Saturday, September 22, 2012

Parents at war with children

Homily
25th Sunday in Ordinary Time B
22 September 2012
St. Lawrence Catholic Campus Center at the University of Kansas
Daily Readings

I just returned from Ireland this week so I wasn't on campus, but I heard the Justice For All exhibit visited KU, an exhibit that almost annually tries to re-sensitive the university to the reality of abortion, the greatest civil rights issue of this generation.  Of course we all know that the Catholic Church is and will always be unequivocally and unconditionally pro-life and anti-abortion.  How can we be anything else, given that the author of all life humbled himself to be conceived in the womb of our Blessed Mother Mary?  The Catholic Church will never rest until the sacredness of all human life, especially in its most vulnerable phases, is protected to the utmost by laws that reflect the truth of natural and divine law that found what it means be to Catholic.

Since St. Lawrence does not sponsor the Justice for All display on campus, I am not going to comment on the effectiveness of their method to win hearts and minds for the pro-life cause.  In reading a draft of a proposed letter to the UDK editor from one of our St. Lawrence students, however, Ialso read an opinion piece already published that gives insight into what the pro-choice movement really cares about.

The editorial championed the right of every person to decide their own life.  Choices, choices, choices are what make life worth living, and the more choices you have, the better life you have.  Choices ground human dignity and give meaning to life, was the gist of the editorial.  Leaving to the side the hypocrisy that those children who are wanted are called babies in the womb and their future right to decide for themselves is protected, and those who are not wanted are called tissue and their future right to decide is completely ignored, and notwithstanding the maxim that everyone who is pro-choice has already been born.  Leaving that to the side, the basis of the pro-choice movement is good, if still incomplete.  There is no freedom without choices.  Choices are good.  To be without choices is to lack the ability to shape one's life according to conscience.
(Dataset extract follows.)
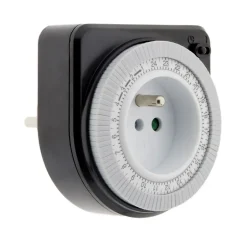 Lot de 2 programmateurs mécaniques - Noir --Otio Best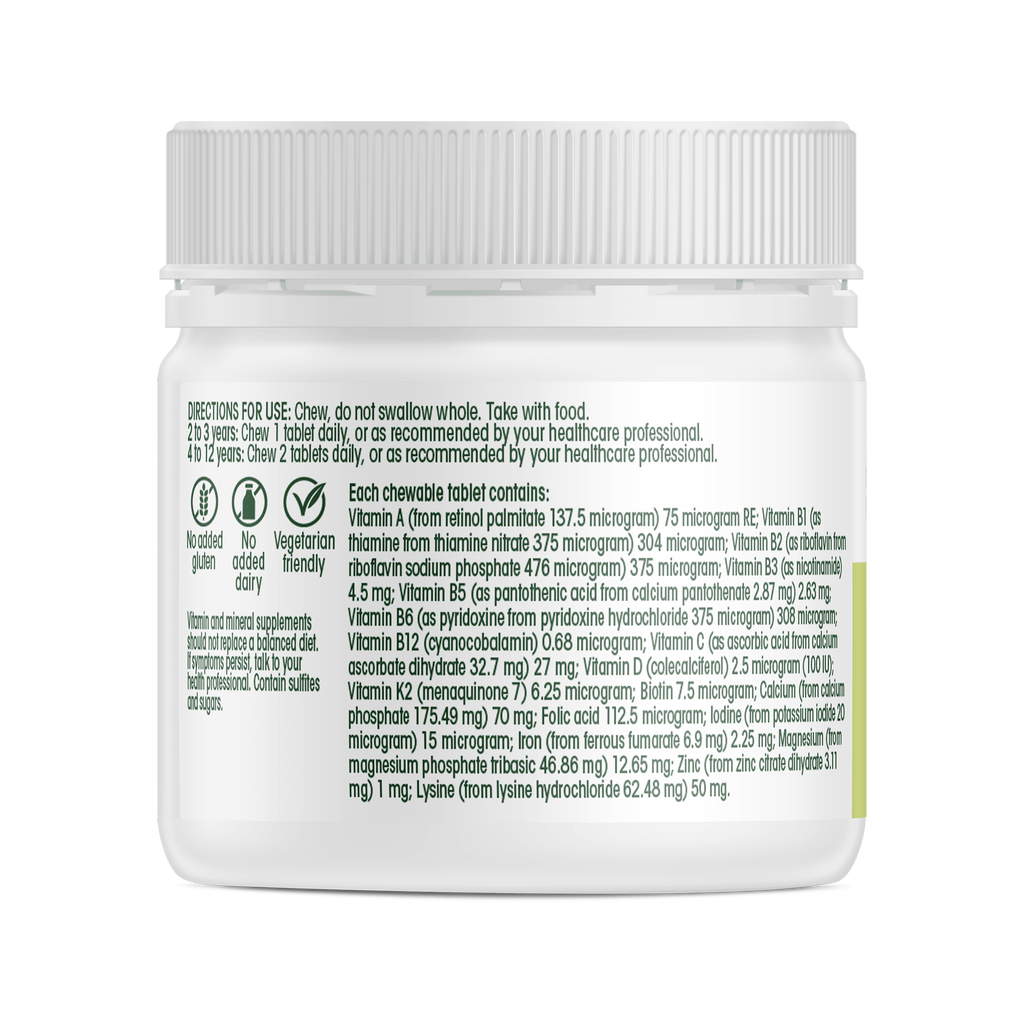 Multivitamin + iron kids chewables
Yet the right of every person to decide their own life is incomplete.  It is incomplete first of all because my right to decide cannot impinge on another person's right to decide, or more fundamentally, on another person's right to life.  It is incomplete as well because the right to decide means something different for each person.  The right to life means the same for everyone.  The right to decide means something different for everyone.  The right to decide means something different for someone who scored a 36 on her ACT, and for someone with a learning disability.  The right to decide means something different for a kid training to be an Olympic athlete, and another kid battling cancer.  The right to decide means something different for the mother and the father of an unplanned pregnancy.  The right to decide, and to make choices, is an essential component of real freedom, but it is not the real basis of equality.

This is why we used to talk about rights and responsibilities together, never separating the two.  In the editorial there was the championing of the right to decide, but no talk of the responsibility to serve or to choose the good.   Today we hear thousands of discussions about new rights like rights to same-sex marriage and rights to birth control, but rarely do we hear talk of new responsibilities.  It used to be a cardinal sin to talk about rights without simultaneously talking about responsibilities, for it was assumed there could never be a new right without a new responsibility.  Ask not what your country can do for you, but what you can do for your country.  When was the last time that you heard a discussion about a new responsibility?
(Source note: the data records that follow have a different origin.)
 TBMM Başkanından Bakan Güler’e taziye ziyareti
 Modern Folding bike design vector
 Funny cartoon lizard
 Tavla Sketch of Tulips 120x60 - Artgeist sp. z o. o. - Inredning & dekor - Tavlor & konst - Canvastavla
And yet this is what we need from our leadership today - more talk about responsibility.  For what inspires human persons, and what makes a country great, is not merely the ability to control my own life, to decide for myself, to do what's best for me, to have what I want when I want it.  This does not inspire, but only kills the human spirit.  What inspires human persons is the opportunity to be obedient to something greater than themselves, something they believe in.  What inspires is to not only do one's own thing ,but to gather together with those who use their freedom not for selfish ambition, but to choose the good, the true, and the beautiful that transcends our own choices.  What inspires is the opportunity to give up my right to control my own life, and to sacrifice my choices, so that others may have life and have it in more abundance.  True leaders, then, talk not merely about new rights, but even more importantly about new responsibilities.
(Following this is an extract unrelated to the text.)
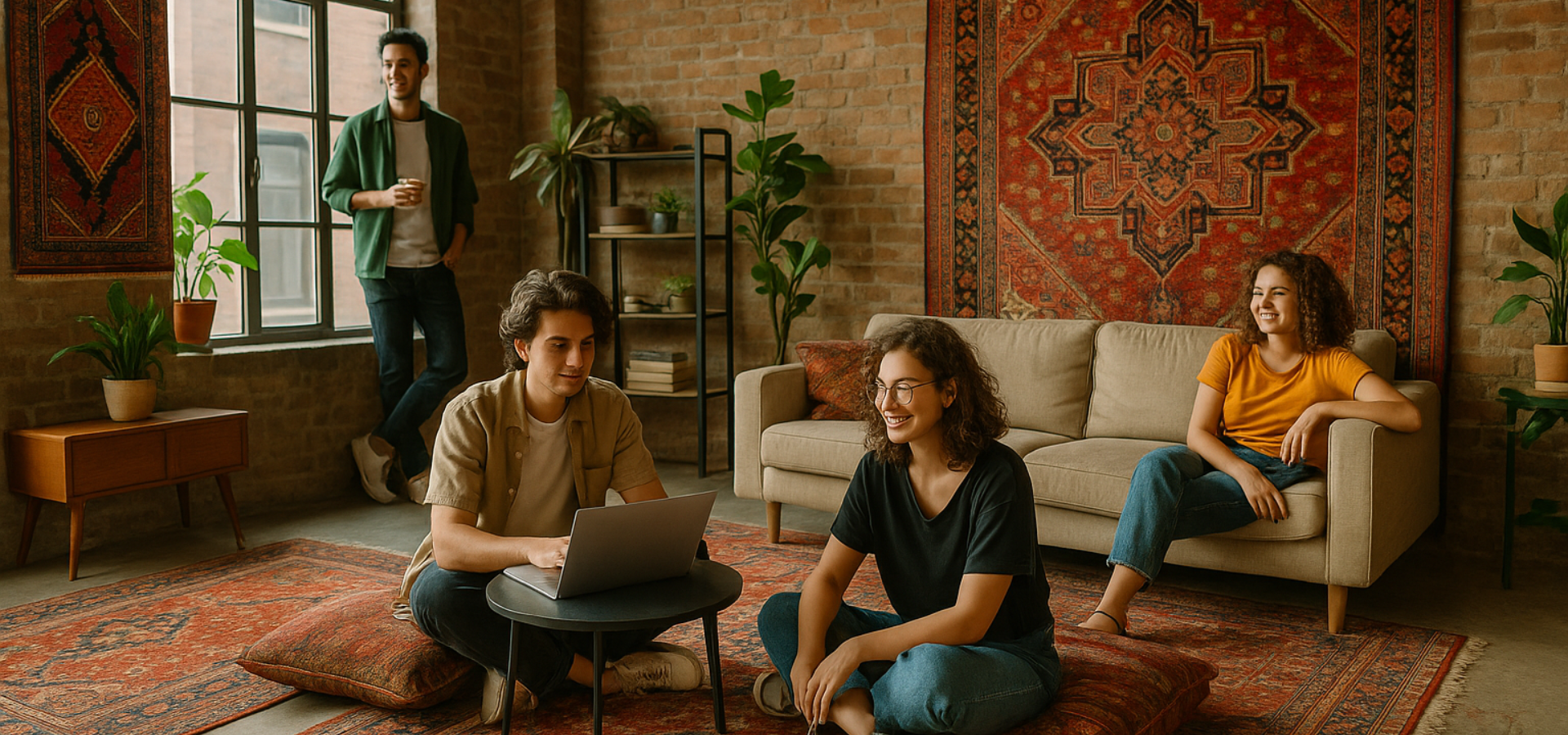 Tapis d'orient salon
Jesus chastises his disciples in today's Gospel for being so focused on what makes me, me, that they fail to see gift of love he is about to make to them, and the mission of self-sacrificial love to which he is inviting them.  As a test of whether his disciples were more focused on their own ambition or upon their true mission, he places a child in their midst, to see if receiving this child messes up their ambitious plans.  In the same way, a test of whether a nation is more interested in rights or responsibilities, in mere choice or in real freedom, is how it receives children.  For the mark of real freedom is not merely more rights, but more responsibilities.  The mark of real freedom is not independence from others or the right to control one's life, but is vulnerability and dependence, the ability to give our lives to a mission bigger than us.  True freedom can never exist, then, when parents are at war with their own children.